- _Task instructions_:
Output each entry verbatim. Leave the images out.

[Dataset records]
*-*-*
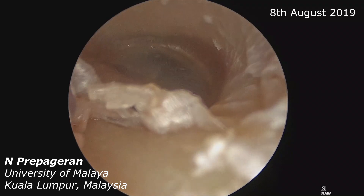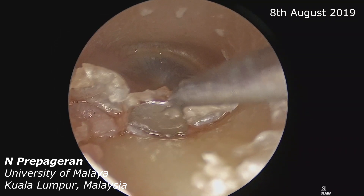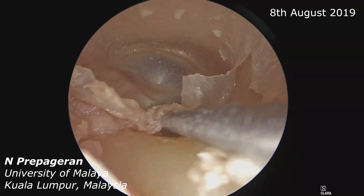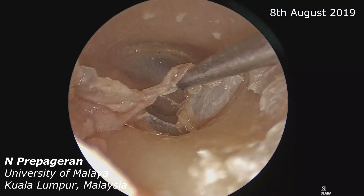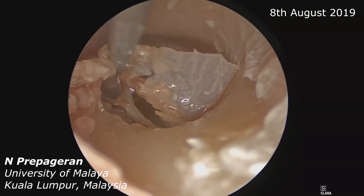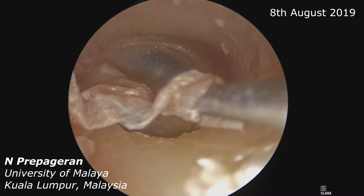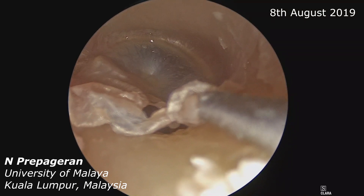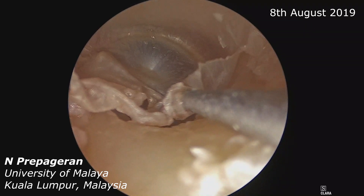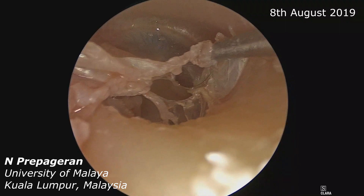Next, what we want to do is go all the way down to the annulus. Once we are at the annulus, we can lift it up — that's the annulus coming into view. Chorda tympani is coming into view as well. We dissect the annulus up, and now we are inside the middle ear space.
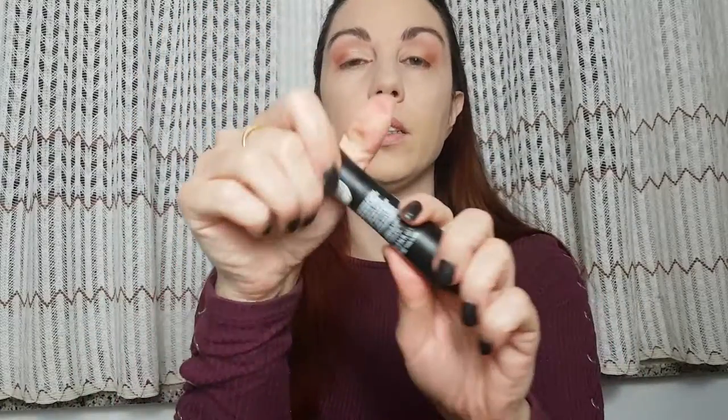For mascara I'm gonna use Essence I Need A Miracle, and I'm gonna apply it to the top and bottom eyelashes.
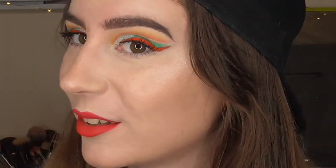This is the final look. I hope you guys enjoyed it and I hope you're all having a lovely day.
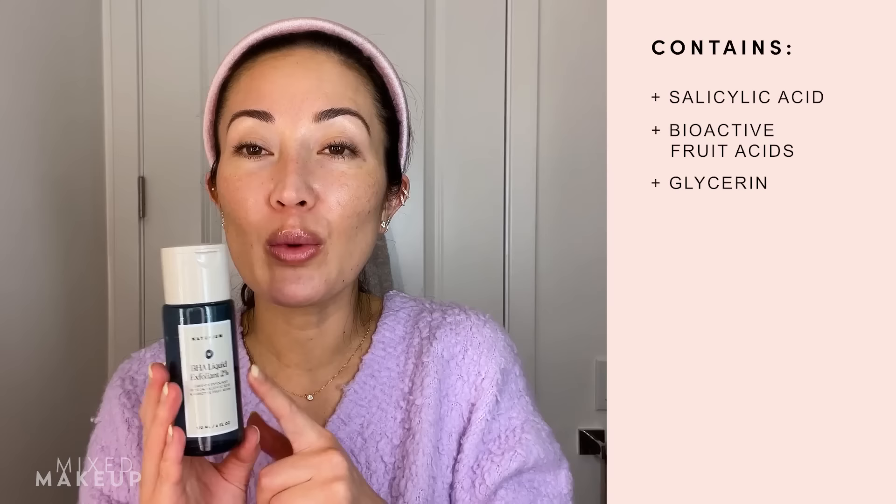Whenever people see my videos where I go get a treatment done at a dermatologist's office, they're always like, 'Oh my god, they put acetone on your face! They put alcohol on your face — it's so drying!' But you have to remember this is not something that we're doing on a regular basis every single day. This is something that you're doing occasionally.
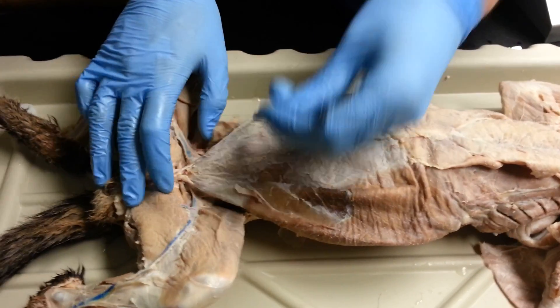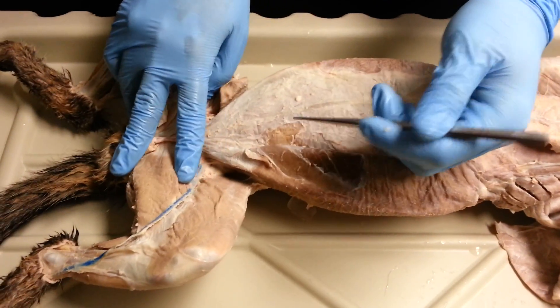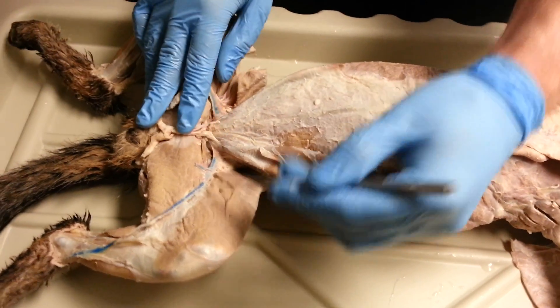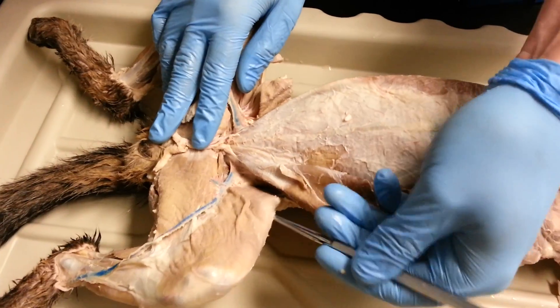We're going to start with the lower body. This is the easy one because there's less in it, so we start with the easy ones. We're going to start with the sartorius, the tailor's muscle, and the gracilis. These are easy, big muscles. They're hard to miss.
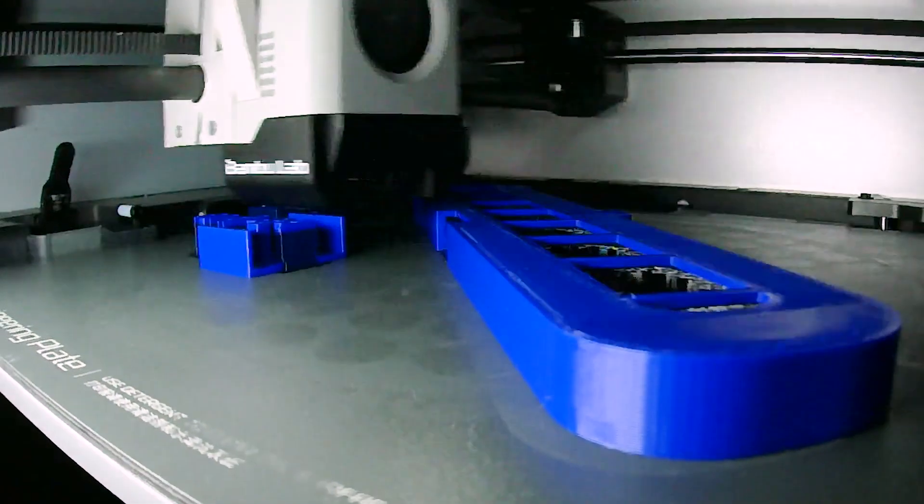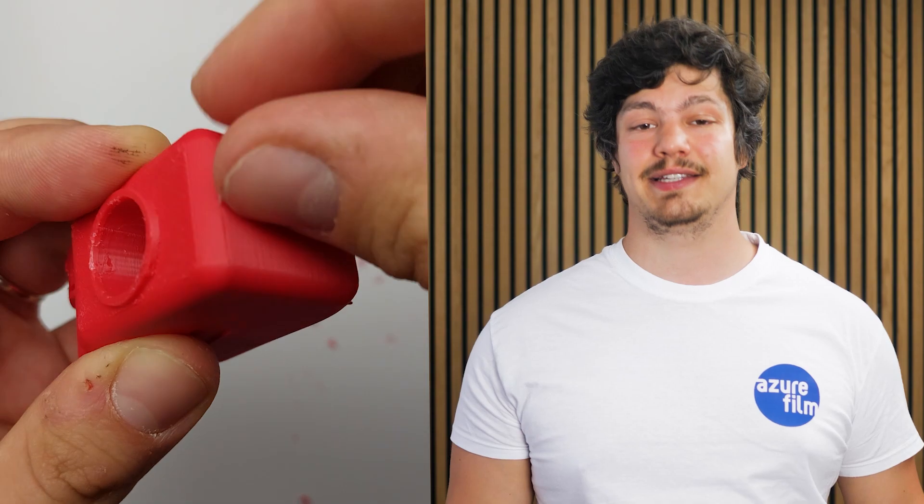This is what happens when you mix different materials when printing. We all know that removing supports can be a long and tedious process. We also know that different types of materials like ABS and PETG don't mix, so let's use that to our advantage.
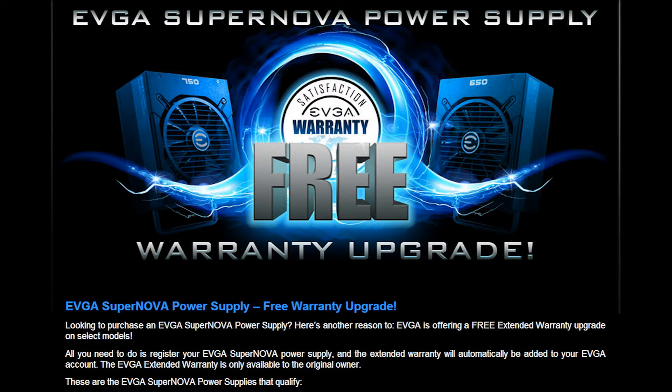Speaking of longevity, EVGA also offers a 10-year warranty on our 650 and 750 Gold. That means in the next decade, if it dies, EVGA has you covered.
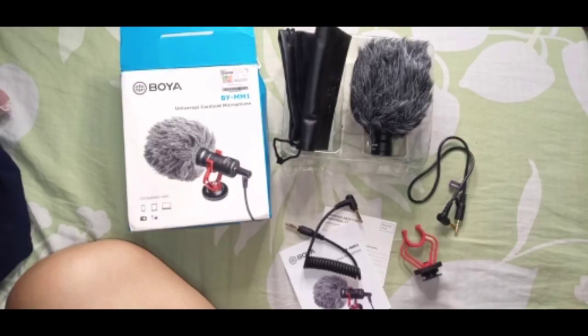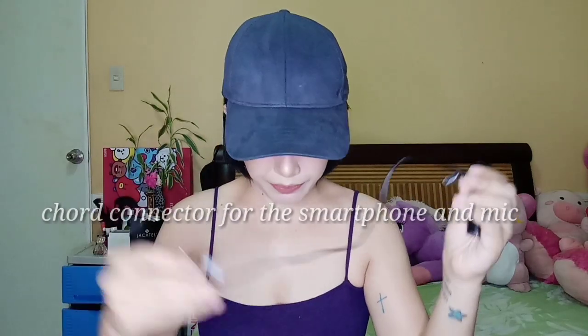I opened it already and checked the stuff inside if it's complete. What's inside is the microphone. This one is what you're going to use for the microphone for your phone, tablet, or laptop. And another one for the camera — this one's for the camera, this one's for the smartphone.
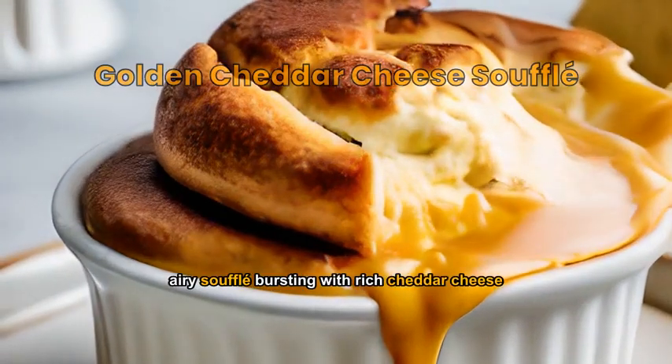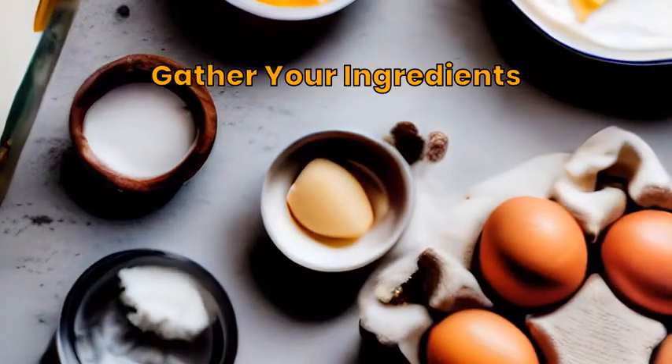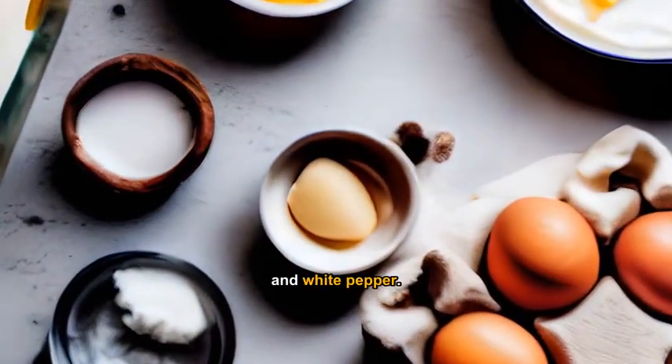A light, airy soufflé bursting with rich cheddar cheese flavor. You'll need cheddar cheese, eggs, flour, milk, butter, salt, and white pepper.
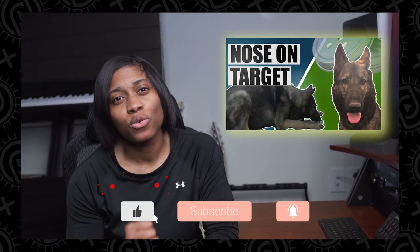Be sure to check out these videos right here and subscribe to our YouTube channel. Until next time, continue to get after it.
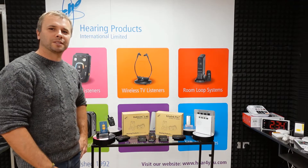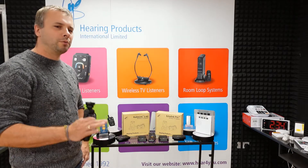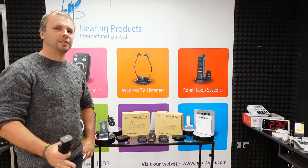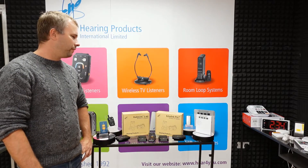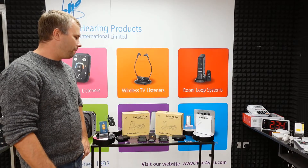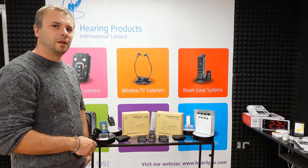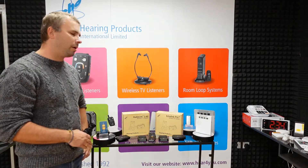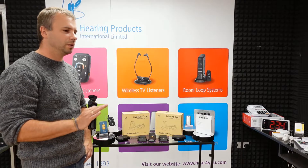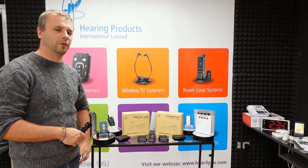Hello, it's Greg from Hearing Products International and today I would like to talk to you about our latest TV listener called Echolink Pro. Echolink Pro is now in stock, available on our website, or if you want to place an order over the phone that's perfectly fine. You can also send us an email to info@hereforyou.com.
*-*-*
- _Your response_:
Next, what we want to do is go all the way down to the annulus. Once we are at the annulus, we can lift it up — that's the annulus coming into view. Chorda tympani is coming into view as well. We dissect the annulus up, and now we are inside the middle ear space.
For mascara I'm gonna use Essence I Need A Miracle, and I'm gonna apply it to the top and bottom eyelashes.
This is the final look. I hope you guys enjoyed it and I hope you're all having a lovely day.
Whenever people see my videos where I go get a treatment done at a dermatologist's office, they're always like, 'Oh my god, they put acetone on your face! They put alcohol on your face — it's so drying!' But you have to remember this is not something that we're doing on a regular basis every single day. This is something that you're doing occasionally.
We're going to start with the lower body. This is the easy one because there's less in it, so we start with the easy ones. We're going to start with the sartorius, the tailor's muscle, and the gracilis. These are easy, big muscles. They're hard to miss.
This is what happens when you mix different materials when printing. We all know that removing supports can be a long and tedious process. We also know that different types of materials like ABS and PETG don't mix, so let's use that to our advantage.
Speaking of longevity, EVGA also offers a 10-year warranty on our 650 and 750 Gold. That means in the next decade, if it dies, EVGA has you covered.
I opened it already and checked the stuff inside if it's complete. What's inside is the microphone. This one is what you're going to use for the microphone for your phone, tablet, or laptop. And another one for the camera — this one's for the camera, this one's for the smartphone.
A light, airy soufflé bursting with rich cheddar cheese flavor. You'll need cheddar cheese, eggs, flour, milk, butter, salt, and white pepper.
Be sure to check out these videos right here and subscribe to our YouTube channel. Until next time, continue to get after it.
Hello, it's Greg from Hearing Products International and today I would like to talk to you about our latest TV listener called Echolink Pro. Echolink Pro is now in stock, available on our website, or if you want to place an order over the phone that's perfectly fine. You can also send us an email to info@hereforyou.com.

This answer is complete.